Counterexample in a proof about $L^p$ spaces

53 Views Asked by At

I was reading a proof about the differentiability of the function:

$N(\lambda) = \int_{x} | f + \lambda g|^p dm$ with $ \lambda \in [0,1]$. Where $(X, M, m)$ is a measure space and $f, g \in L^p(m)$ with $p>1$

In the proof it is said that the function defined by $F(\lambda, y) = | f(y) + \lambda g(y)|^p$ is $C^1$ with respect to $\lambda$ for almost every $y \in X$ I don't understand how one can see it.
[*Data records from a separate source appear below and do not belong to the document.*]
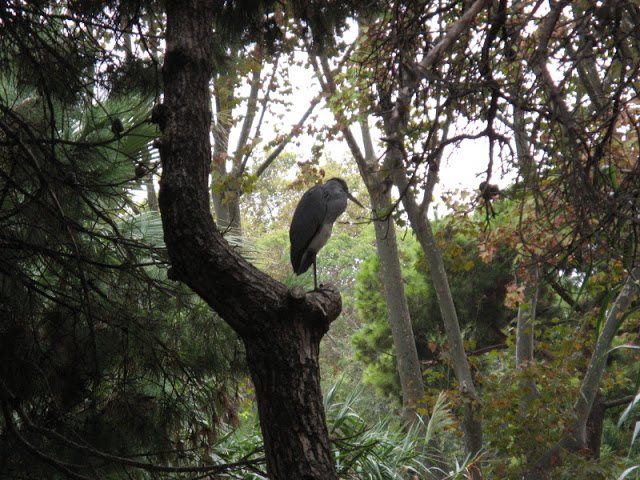Zoo Barcelona 14.09.2009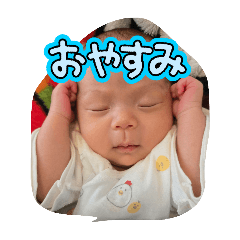 potato_20260421134528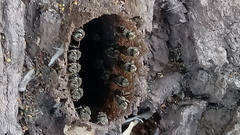 Nannotrigona perilampoides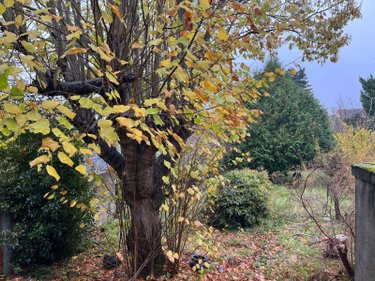 Maison a vendre Châteauroux 36000 Indre 122 m2 4 pièces 105400 euros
I tried to get a counterexample and I thought about:

$X=[0,1]$ with lebesgue measure. $f,g:[0,1] \rightarrow \mathbb{R}$ defined by $f(x) = -1/2$ if $x \in \mathbb{R}-\mathbb{Q}$ and $f(x) =3$ if $x \in \mathbb{Q}$. And $g(x) = 1$ if $x \in \mathbb{R}-\mathbb{Q}$ and $g(x) = 0$ if $x \in \mathbb{Q}$. Thus I get:

$F(\lambda, x)=|-1/2 + \lambda|^p$ if $x \in \mathbb{R}-\mathbb{Q}$ and $F(\lambda, x)=|3|^p$ if $x \in \mathbb{Q}$. Thus i get that $F$ is not differentiable in $\lambda = 1/2$ for every $x \in R-Q$. Is it a counterexample?

1

There are 1 best solutions below

1
On BEST ANSWER

No that's no counterexample. Note that because of $p > 1$, the function $f \colon \xi \mapsto |\xi|^p$ is differentiable on the whole of $\mathbf R$, with derivative $$ f'(\xi) = p\cdot \mathrm{sgn}\,\xi \cdot |\xi|^{p-1} $$ which is continuous. Hence $f \in C^1(\mathbf R)$. Therefore also $\lambda \mapsto \left|-1/2 + \lambda\right|^p$ is $C^1$.